無精髭

無精者の日記です

福島市も動く 小中学校などの除染対策 

2011-05-23 23:54:24 | 日記

 動こうとしない文部科学省を尻目に小中学校などの校庭の除染作業に着手していた郡山市に続いて福島市も市内の小中学校などの校庭の表土の除去を5月中に実施することを決めたようです。 以前から福島市内の汚染度は高く子供たちの被曝が心配されていました。 

 文部科学省は3.7μSvを超える県内13施設の校庭」などの使用制限を通知していましたが、福島県の資料によると実際はもっと多くの施設が該当していました。  福島市や郡山市の汚染度は原発からの距離が離れていたにもかかわらず高い値で推移していました。  この2市が避難地域に指定されなかったのは避難人口の多さであったことは今周知の事実です。  そもそも年間20mSvという値は国際放射線防護委員会の規準で言えば原発にかかわる人たちの許容量で、一般のひとは1mSvなのです。  事故の緊急時でこそ100から20mSvとなっていますが、今度の事故のように長期間にわたって大量の放射能を放出し続けるような事態は想定していないのです。  しかも20mSvという値は内部被曝を考慮しておりませんから実際の被曝量は外部被曝量の4倍80mSv(武田邦彦教授)にも達します。  100mSvを超えると何らかの健康被害が出るということは多くの科学者の共通認識ですから、文科省の規準がいかに高いものかがわかります。

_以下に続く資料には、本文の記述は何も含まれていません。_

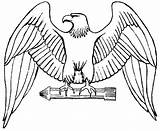Adler Eagle Ausmalbilder Ausdrucken Herunterladen Abbildung Coloriage Aigle sketch template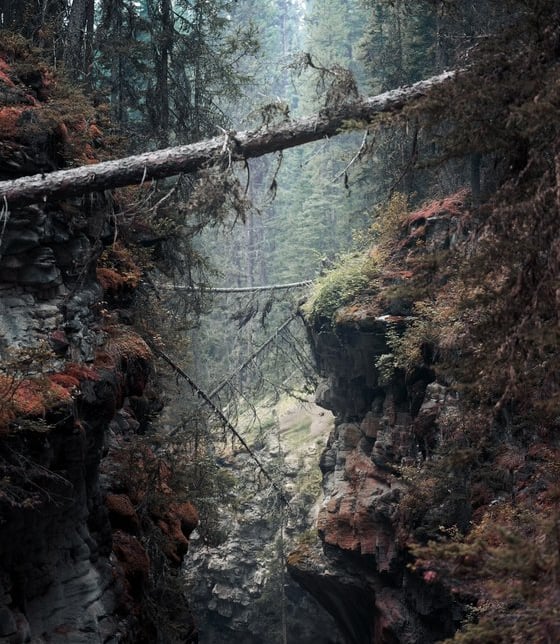 green moss on brown tree trunk
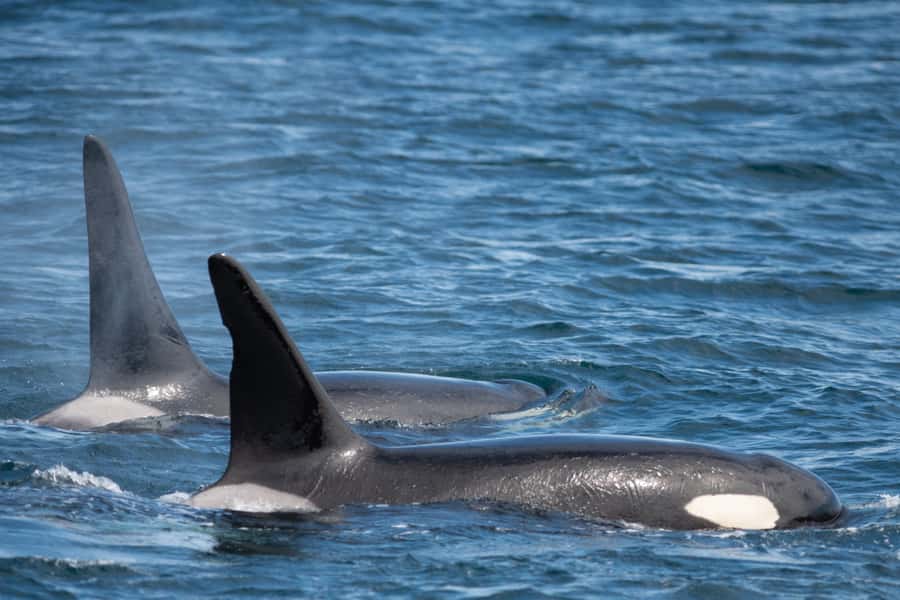 Seward: Kenai Fjords National Park Catamaran Cruise w/Lunch - Wildlife watching without rushing the animals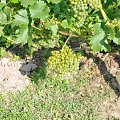Sauvignon Kretos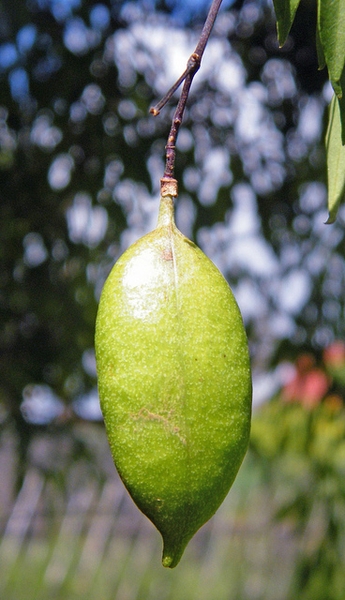 Unripe fruits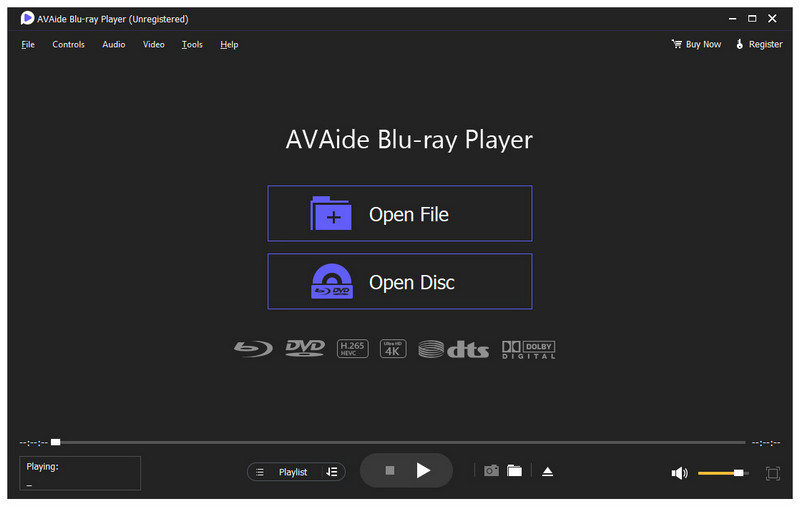AVAide Blu-ray Player Screenshot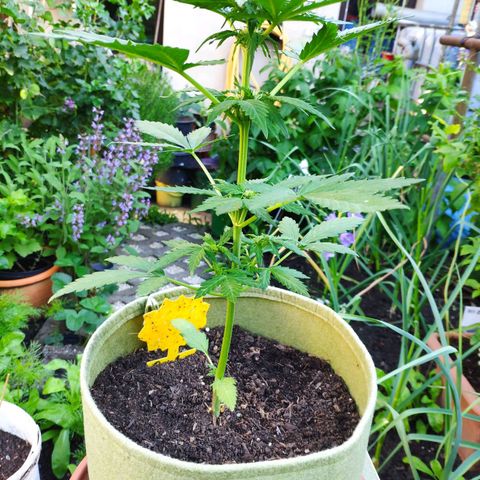 Quick One Royal Queen Seeds growlog timeline photo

 このような文部科学省の態度に福島の保護者はこの規準を見直し従来の1mSv/年に戻すよう求める抗議行動をしました。  政府および文科省はこれまでの子供や国民の安全を犠牲にする態度を改め、被害を最小限にとどめるためのあらゆる対策を実施すべきですし、自治体や保護者の自主的な対策に対して全面的に支援しなければなりません。

 朝日新聞の23日版の「声」の欄にチェルノブイリ事故当時にドイツで働いていた尾上さんという方が体験したドイツ政府の対応が紹介されていました。  その一部を紹介します。 「事故当初、風はチェルノブイリからフィンランドやスウェーデン方向に吹いていたが、ある時点から風向きが一変し、現場から1500キロ離れたフランクフルト方向に吹き始めた。 すると、すぐ居住地域の緊急告知で自宅待機を促され、職場も学校も休みとなった。 25年も前の話だが、今回の福島第一原発事故と比べて優れていたのは、情報公開の素早さと正確性である。 毎日、ドイツ政府当局が風向きや放射線量を予測し、それを参考に皆が行動できた。 また、公園や学校の砂場をすべて厳重に立ち入り禁止にし、数ヶ月かけて砂を取り替えた。 将来ある子供への影響を一番に考えた措置だった。・・・・・・・・」  

 これが、本来の国民の安全安心を守る政府の態度だと思うし、このような情報公開がなされていればパニックなど起こりようもないのではないでしょうか。  前代未聞の被害を受けながら世界からも脅威の目で賞賛されるような行動をした国民をも信頼しない愚民政策とも思える情報操作をつづける東電や政府の態度は許せるものではありません。  
このようなやり方が世界に誇る科学技術立国日本の実力が災害時に生かせない大きな原因になっていることはかなしいことです。  200億円といわれるSPEEDIは福島県民の被曝量を最小限に済ませるデータを事故当初から打ち出していましたが、そのデータが公表されたのは3月23日になってからでした。 気象庁も同様のデータを持っていました。 100数十億の開発費と安くない維持費をかけたシステムが全く生かされなかったのです。  福島県には3月13日にはこのデータが届いていたのですが、政府は県に対し口止めしていたといいます。  日本の国民が、福島県民が避難に一番大切な情報を知りえたのはドイツやスエーデン、オーストラリアの放射能飛散状況シュミレータでした。  結局、政府も県も住民の「安心安全」よりも優先するものがあったのでしょう。  また日本はロボット王国だったはずです。  高放射線環境での作業にアメリカのロボットが導入されましたが、「なんでー アメリカ製なの?」と誰もが思ったのではないでしょうか。  日本のロボット技術は世界の最先端です。  疑問が解消したのはやはりだいぶ日にちがたってからでした。  ここにも60億円もの税金をつぎ込んで開発されていました。  JCOの臨界事故のあとに政府は数社にロボットの開発を指示して数機のロボットが開発されたのですが、絶対安全の原発には無用の長物と電力各社は採用を見送り、1機が東北大学に引き取られた他は廃棄処分になったそうです(朝日新聞記事)。

 政府の対応には目を覆いたくなりますが、残念ながらこの政府を取り替える選択枝があるでしょうか。  自公政権は政・官・学で今の無批判の原子力政策を育て推進してきた人々なのです。  もし彼らが政権を握っていたら菅総理が決断した浜岡原発の運転停止などできたかどうか疑わしいし、今後のエネルギー政策にしても従来の路線から抜け出せそうもありません。  また、今菅首相を退陣に追い込むことはかつて福島県知事だった佐藤栄作氏を失ったような過ちを繰り返すことになりかねません。  今はしばらく我慢の時なのでしょう。